# Exercise objective
Copying rule for the data below: pictures stay out, and only the lines from the one with "Now we also" down to the one with "So after all, this", inclusive, are repeated exactly.

# Task material
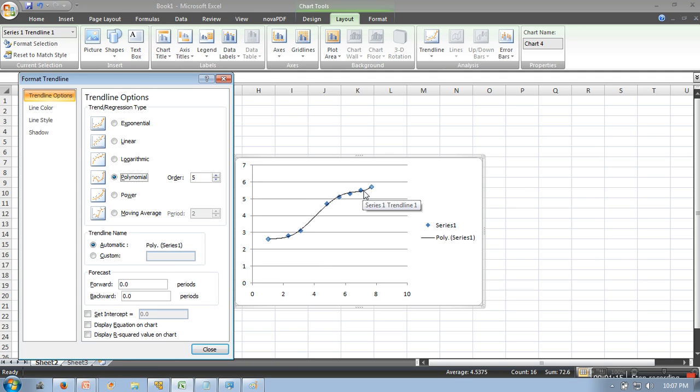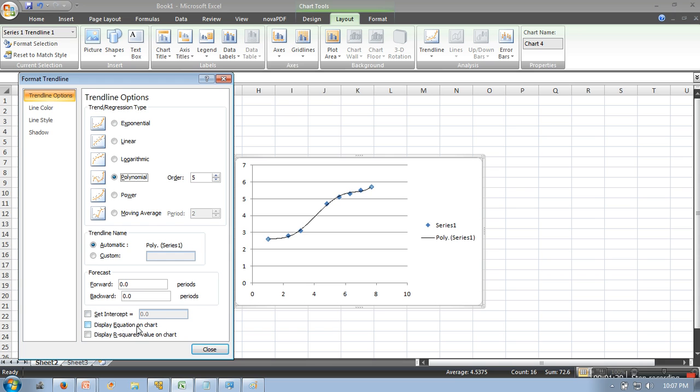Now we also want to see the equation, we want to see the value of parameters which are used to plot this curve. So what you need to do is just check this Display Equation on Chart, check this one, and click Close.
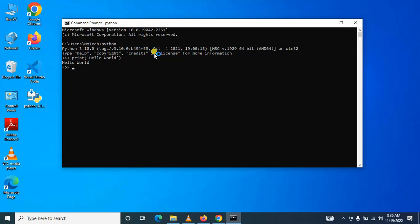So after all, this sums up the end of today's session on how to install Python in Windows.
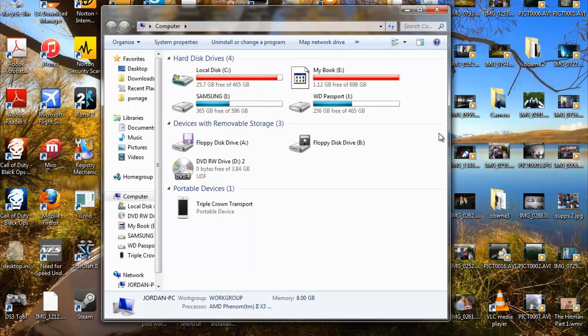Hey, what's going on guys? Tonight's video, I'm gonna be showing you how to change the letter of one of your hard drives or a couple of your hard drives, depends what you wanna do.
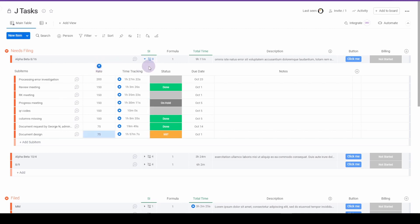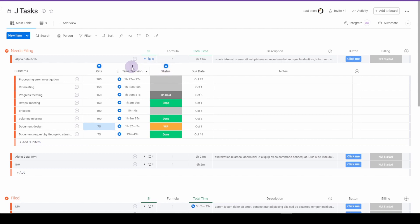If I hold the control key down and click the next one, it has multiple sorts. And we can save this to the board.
---
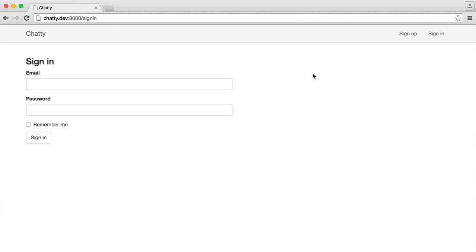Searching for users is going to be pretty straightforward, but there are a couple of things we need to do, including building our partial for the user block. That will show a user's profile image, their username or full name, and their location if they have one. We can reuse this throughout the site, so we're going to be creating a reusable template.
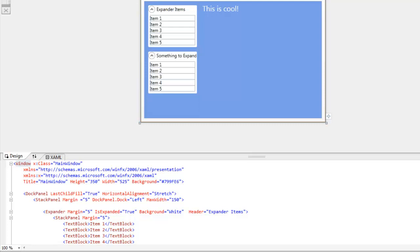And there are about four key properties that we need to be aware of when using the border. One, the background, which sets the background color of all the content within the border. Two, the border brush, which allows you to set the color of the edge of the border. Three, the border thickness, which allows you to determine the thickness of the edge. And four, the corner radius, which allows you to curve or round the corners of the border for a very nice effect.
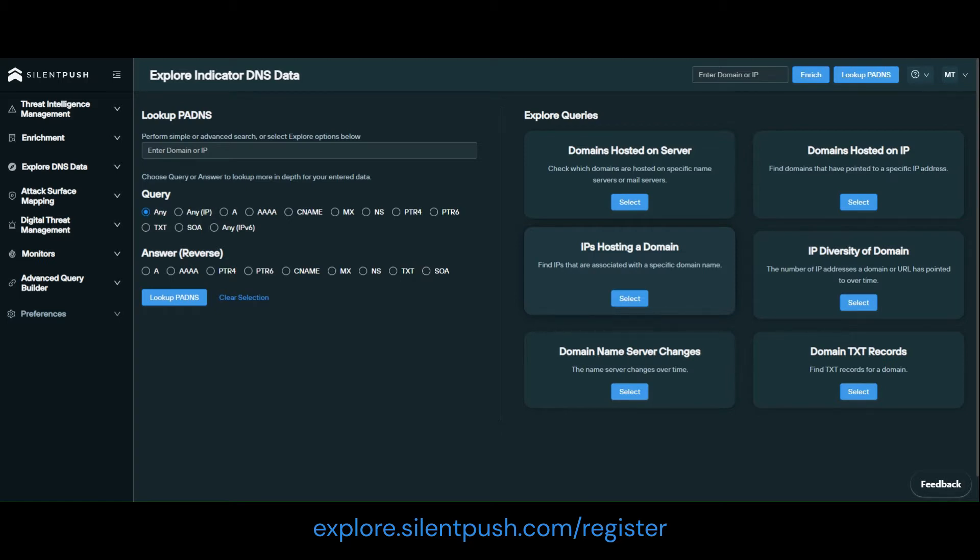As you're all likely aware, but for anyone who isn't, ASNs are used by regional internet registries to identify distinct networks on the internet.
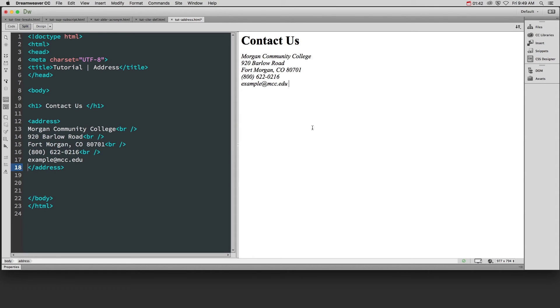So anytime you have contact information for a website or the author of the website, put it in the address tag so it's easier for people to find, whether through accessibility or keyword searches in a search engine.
---
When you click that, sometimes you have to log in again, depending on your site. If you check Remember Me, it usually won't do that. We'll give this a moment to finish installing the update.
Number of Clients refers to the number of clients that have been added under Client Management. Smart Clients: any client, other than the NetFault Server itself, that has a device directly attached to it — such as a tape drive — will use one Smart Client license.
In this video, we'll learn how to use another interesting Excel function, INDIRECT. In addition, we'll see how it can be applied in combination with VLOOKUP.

# Result for this task
Now we also want to see the equation, we want to see the value of parameters which are used to plot this curve. So what you need to do is just check this Display Equation on Chart, check this one, and click Close.
So after all, this sums up the end of today's session on how to install Python in Windows.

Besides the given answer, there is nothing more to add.